Data: 2003-06-03 07:31:17
Temat: Re: A co jesli ja chce dziecka?
Od: "Dunia" <d...@n...net>
Pokaż wszystkie nagłówki
>> Oboje mamy absorbujaca prace zawodowa i proawdzimy aktywny tryb zycia.
>Gratuluję. Tylko, czy macie czas dla siebie? ;P
Czytaj ze zrozumieniem. Gdzie napisalam, ze ten aktywny tryb zycia mamy osobny
? Chodzi tylko o to, ze nie siedzimy na tylku, a robimy cos razem. Szkoda czasu
na bezproduktywne gledzenie.
>
>> Po prostu nie mamy czasu (ochoty ?) na rozmowy o tym co bedzie (albo i
>nie) za 10
>> czy 15 lat. Moze mnie do tego czasu szlag jasny trafi ? ;)

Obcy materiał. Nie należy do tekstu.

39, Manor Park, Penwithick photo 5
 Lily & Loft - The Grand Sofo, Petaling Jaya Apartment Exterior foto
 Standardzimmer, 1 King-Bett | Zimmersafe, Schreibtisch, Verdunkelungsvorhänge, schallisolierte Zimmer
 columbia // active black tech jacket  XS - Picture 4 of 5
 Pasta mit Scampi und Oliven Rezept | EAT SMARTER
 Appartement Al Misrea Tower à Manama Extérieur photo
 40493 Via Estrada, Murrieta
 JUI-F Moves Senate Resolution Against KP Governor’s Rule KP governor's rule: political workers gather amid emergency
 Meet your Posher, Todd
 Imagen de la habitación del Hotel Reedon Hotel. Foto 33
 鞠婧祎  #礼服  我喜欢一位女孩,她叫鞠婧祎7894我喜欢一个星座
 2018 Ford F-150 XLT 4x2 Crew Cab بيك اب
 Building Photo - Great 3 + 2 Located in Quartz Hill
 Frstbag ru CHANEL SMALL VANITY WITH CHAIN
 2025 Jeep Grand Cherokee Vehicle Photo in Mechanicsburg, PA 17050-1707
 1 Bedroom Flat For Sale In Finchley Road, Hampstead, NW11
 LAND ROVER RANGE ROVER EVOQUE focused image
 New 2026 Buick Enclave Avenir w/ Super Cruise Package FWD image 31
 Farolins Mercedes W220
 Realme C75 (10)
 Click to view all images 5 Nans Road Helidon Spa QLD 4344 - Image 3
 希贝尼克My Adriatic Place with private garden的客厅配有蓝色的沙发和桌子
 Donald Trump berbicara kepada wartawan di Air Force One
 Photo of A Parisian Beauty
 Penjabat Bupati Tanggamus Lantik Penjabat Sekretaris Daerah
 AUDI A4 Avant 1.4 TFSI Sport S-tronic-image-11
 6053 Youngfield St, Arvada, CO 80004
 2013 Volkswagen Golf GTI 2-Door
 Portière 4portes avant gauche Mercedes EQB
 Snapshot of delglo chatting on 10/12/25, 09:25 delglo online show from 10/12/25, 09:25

>To czasu, czy ochoty? Bo jak zdasz sobie sprawę na chwilkę przed tym "szlag
>jasny trafi", że spędziłaś większość życia w "absorbującej pracy" a nie z
>ukochanym, to Cię szlag trafi. ;)
>
Jw. I oszczedz sobie zlosliwosci. Nawet okraszonych emotikonkiem.
Z tej pracy bede miala kiedys wysoka emeryture i bedziemy z mezem siedziec na
Hawajach, podczas gdy Ci gledzacy i marudzacy beda latac po Aldikiach.
>> Hmm, mozna szerzej ? Nie wszystko mi sie w moim mezu podoba, ale akceptuje
>go w
>> 100%. Nie wiem, dlaczego mialoby to byc koncem milosci ?
>> To raczej zmienianie i wychowywanie partnera bywa czesciej koncem milosci.
>Pisałaś, że akceptujecie się takimi jakimi jesteście... a teraz, że nie
>wszystko Ci się w nim podoba (+akceptacja w 100%). Rozumiem, że można
>akceptować krzywy nos - rzecz nie do zmiany (ale w dzisiejszych czasach
>chirurdzy czynią cuda! :) ), ale niby dlaczego miałbym akceptować to, że
>ktoś rzuca na okrągło brudne skarpetki na środek pokoju, lub że dłubie w
>nosie, lub... [wpisać cokolwiek]?
Tak, jak akceptuje rzeczy tego rodzaju. Wiedzialam o nich przed slubem i skoro
zgodzilam sie byc z ta osoba, to widocznie stwierdzilam, ze mi to az tak nie
przeszkadza. Widzisz, ja nie jestem osoba malostkowa, moj TZ tez nie. I
prawdopodobnie dlatego nie musimy rozstrzasac kazdego najmniejszego szczegoliku
z naszych charakterow. Zyj i daj zyc innym.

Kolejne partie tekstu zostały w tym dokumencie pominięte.